The covariates considered were age, gender, log2(RRM1), log2(ERCC1), and histology (adenocarcinoma, squamous, and other). Except for gender, which is binary, and histology, which is categorical with three levels, the remaining covariates were continuous. Each continuous covariate was scaled by dividing its range to make the estimated coefficients comparable to those of categorical covariates. The ABMS method was used because of relatively small effective samples size (49 OS events) to the number of covariates. The same choices of tuning parameters and decision rules were used here as in Section 4.1.

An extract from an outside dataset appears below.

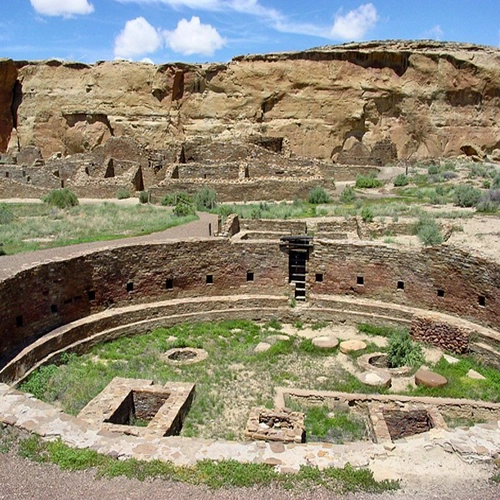 Chaco canyon, New mexico, Mountains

At the second iteration, a model with Arm, log2(ERCC1), and histology as main effects and log2(ERCC1)*Arm as an interaction were selected. The posterior distribution of intersection and the histogram of observed log2(ERCC1) are plotted in Figure 6. The Bayesian credible interval of intersection between the minimum and maximum observed log2(ERCC1) was 84.3%. Using the median of the posterior distribution of intersection, a tentative cutoff of 15 on original scale of ERCC1 was used to separate the patients into ERCC1 high and low subgroups. The KM curves by subgroups are plotted in Figure 7.

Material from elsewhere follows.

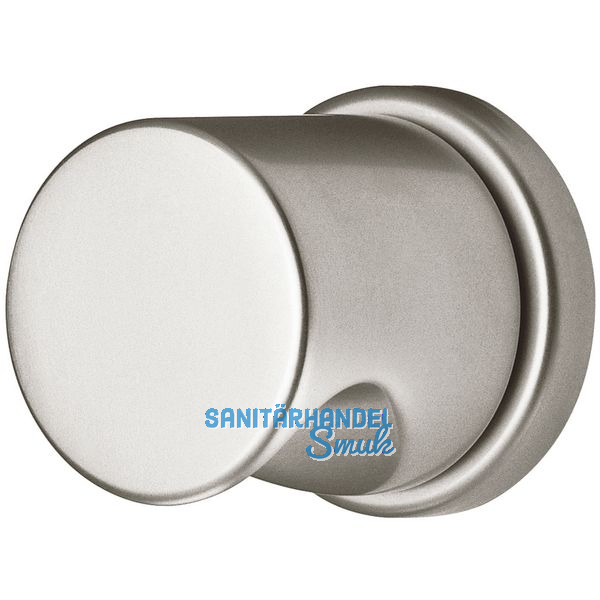 GRUNDMANN Trknopf Zylinderform - auf Ros. fest u.2 Anstzen M4 ?A?, Edst. matt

In this data, the histology was identified as a prognostic factor and ERCC1 a predictive factor. Although only 10 out of 60 (17%) stage IV patients were classified as ERCC1 low using the ABMS method (Figure 6, left side of dot-dashed line classified as ERCC1 Low), the result was consistent to the literature.
5. Discussion
In this work, we proposed BMS and ABMS methods using Bayesian regression model for subgroup analysis. We have addressed issues of qualitative interactions in cancer treatment. The endpoints considered were linear, categorical and censored continuous variables, which are very common in most phase III clinical trial settings. Our methods increased the power of detecting QI, which becomes more important in defining targeted group for treating complex diseases in heterogeneous population.
In addition to the power to detect a QI, another critical issue in subgroup analysis is the family wise type I error rate (FWER), which is inflated due to multiple testing of covariates. With our proposed methods, we reduce the FWER by reducing the number of interactions to be tested for QI. We first select a best model based on the joint posterior distribution of possible models. This process does not involve multiple testing. If the best model contains interaction terms, we then test for QI based on marginal poster distribution for each selected term. This process involves multiple testing if the number of interaction terms selected in the final model is larger than one. A Bayesian FDR rule was used to control the proportion of falsely identified QI.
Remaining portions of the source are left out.